_The problem_:
Without any omission, reproduce the records that follow.

_Data items_:
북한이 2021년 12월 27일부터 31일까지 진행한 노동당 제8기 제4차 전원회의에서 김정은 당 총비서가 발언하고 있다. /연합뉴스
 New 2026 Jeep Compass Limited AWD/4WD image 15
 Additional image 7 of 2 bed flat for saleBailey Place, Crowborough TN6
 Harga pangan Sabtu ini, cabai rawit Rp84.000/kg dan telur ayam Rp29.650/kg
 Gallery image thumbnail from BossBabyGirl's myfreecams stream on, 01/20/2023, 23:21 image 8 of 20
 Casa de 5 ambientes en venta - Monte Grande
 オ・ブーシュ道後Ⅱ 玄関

_Exercise result_:
북한이 2021년 12월 27일부터 31일까지 진행한 노동당 제8기 제4차 전원회의에서 김정은 당 총비서가 발언하고 있다. /연합뉴스
 New 2026 Jeep Compass Limited AWD/4WD image 15
 Additional image 7 of 2 bed flat for saleBailey Place, Crowborough TN6
 Harga pangan Sabtu ini, cabai rawit Rp84.000/kg dan telur ayam Rp29.650/kg
 Gallery image thumbnail from BossBabyGirl's myfreecams stream on, 01/20/2023, 23:21 image 8 of 20
 Casa de 5 ambientes en venta - Monte Grande
 オ・ブーシュ道後Ⅱ 玄関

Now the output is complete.